Sebagian pangan itu ada di alam atau bisa dipanen tanpa budidaya dan mengandung racun. Meski demikian, masyarakat lokal rata-rata juga memiliki kemampuan untuk menghilangkan racun-racun alami ini sehingga mengolahnya menjadi makanan yang bergizi.
Misalnya, di Pulau Muna dan Sumba Timur, sebagian masyarakat masih bisa mengolah dan mengonsumsi umbi gadung (Dioscorea hispida Dennst) yang mengandung racun sianida. Di Muna, umbi ini disebut sebagai kalope dan banyak tumbuh liar di hutan. Sementara di Sumba Timur, umbi ini disebut sebagai litang dan keberadaannya juga masih berlimpah.
Data yang disampaikan Koordinator Program Voice for Climate Action Yayasan Penguatan Lingkar Belajar Komunitas Lokal (Pikul) Dina Soro menguatkan temuan kami di lapangan. Dalam survei Pikul pada 2013, di NTT terdapat 36 golongan pangan lokal dari serealia, kacang-kacangan, dan umbi-umbian.
Ke-36 golongan pangan dimaksud berasal dari empat kabupaten, yakni Lembata, Sabu, Rote, dan Timor Tengah Selatan. Sementara itu, di NTT terdapat 22 kabupaten/kota. ”Setiap daerah punya makanan khas. Kami yakini masih banyak yang belum terdata,” ucapnya.
Menurut Dina, pangan lokal mulai tergeser setelah program cetak sawah untuk padi yang gencar dilakukan sejak era Orde Baru. Tahun 1970, produksi beras di NTT masih di bawah 30.000 ton. Hampir semuanya adalah tadah hujan. Angka itu kemudian meningkat setelah intervensi pemerintah lewat cetak sawah di sejumlah daerah.
Kendati intervensi program untuk beras sangat tinggi, lanjut Dina, produktivitas padi di NTT bukan yang tertinggi. Tertinggi adalah ubi kayu yang melampaui 800.000 ton per tahun, diikuti jagung yang mendekati 600.000 ton per tahun. ”Ini karena iklim dan kondisi alam di NTT memang tidak cocok untuk padi sawah,” ujarnya.

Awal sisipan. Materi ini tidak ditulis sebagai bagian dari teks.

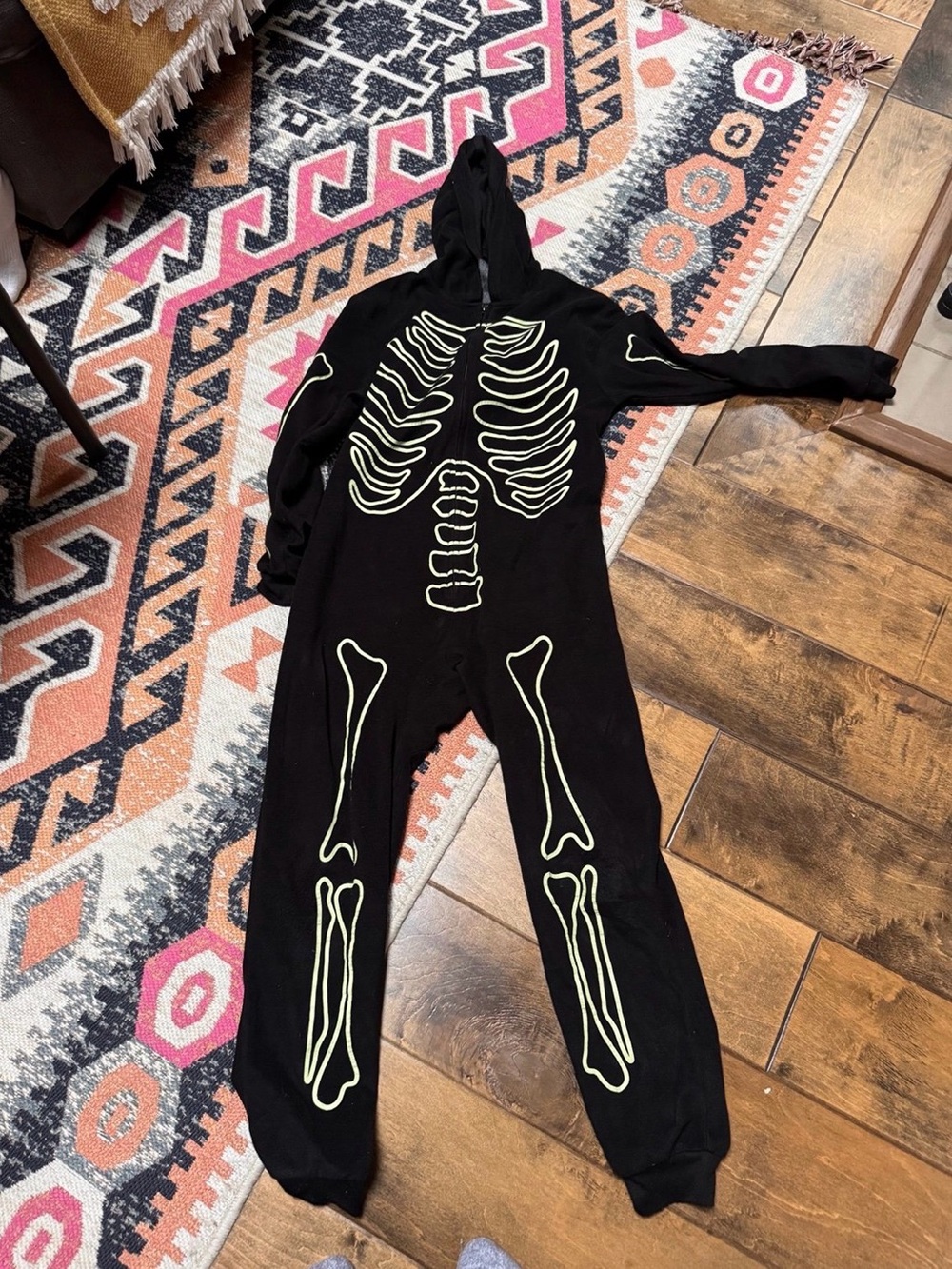 Kids Glow Skeleton Hooded Costume Onesie - Black kids L with  large pet match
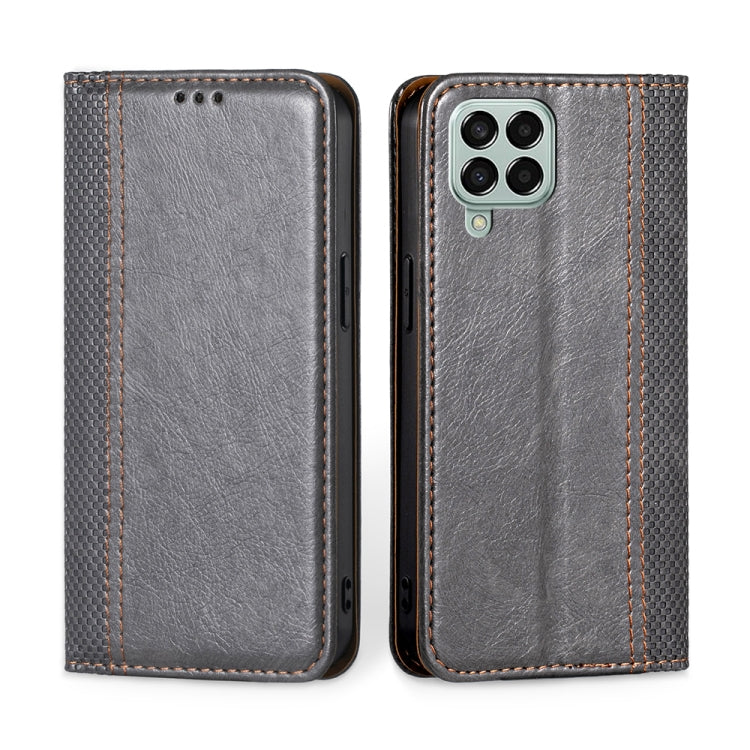 For Samsung Galaxy M33 5G Grid Texture Magnetic Flip Leather Phone Case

Tingginya produktivitas pangan selain beras bukan karena intervensi pemerintah. Petani lokal yang mengerjakannya sendiri. Secara regulasi, pemerintah hanya menaruh perhatian pada komoditas padi, jagung, dan kedelai.
Sementara itu, Kepala Dinas Pertanian dan Peternakan Sulawesi Tenggara Rusdin Jaya mengungkapkan, saat ini memang terjadi gagal panen di sejumlah wilayah. Hasil panen yang ada saat ini juga lebih banyak dikirim ke luar daerah akibat tingginya permintaan dan harga gabah yang tinggi. Namun, tingginya harga beras saat ini di daerahnya lebih disebabkan ulah spekulan yang mengerek harga menjadi tinggi.
Menurut dia, hingga pekan kedua Oktober, gagal panen terjadi di 1.295 hektar lahan sawah. Jumlah ini terus meningkat dari 824 hektar di pertengahan September lalu. Luasan lahan terdampak kekeringan secara total mencapai 6.070 hektar.
Meski begitu, masyarakat tidak perlu khawatir berlebihan akan stok beras. Sebab, luas panen di 2023 ini diperkirakan seluas 116.173 hektar dengan produksi rata-rata 4,2 ton per hektar. Estimasi produksi mencapai 271.285 ton beras, dengan komsumsi 254.009 ton.
”Untuk stok masih aman hingga Desember mendatang. Masih ada 13.050 ton yang akan ada hasil panen sampai akhir tahun ini. Kami perkirakan panen beras masih surplus,” katanya.
Hasil panen beras Sultra selama dua tahun terakhir surplus. Pada 2022, produksi beras untuk pangan mencapai 284.512 ton, dengan komsumsi 269.000 ton. Sementara itu, pada 2021, produksi sedikit lebih tinggi, yaitu 314.849 ton, dengan komsumsi 269.000 ton. Sekalipun demikian, pulau-pulau kecil di Sultra, seperti Wakatobi, sama sekali tidak memiliki produksi beras.
Beras, tambah Rusdin, memang telah menjadi makanan utama masyarakat Sultra, menggeser pangan lokal yang dulunya menjadi makanan keseharian masyarakat, baik itu jagung maupun ubi.
Di sisi lain, Rusdin menambahkan, pemerintah tetap mengupayakan agar pangan lokal tetap menjadi pilihan. Salah satunya dengan aturan pengelolaan pangan lokal dan pengembangan di wilayah. Hanya saja, pengembangan dan pengarusutamaan pangan lokal merupakan kerja bersama yang harus terus dikembangkan.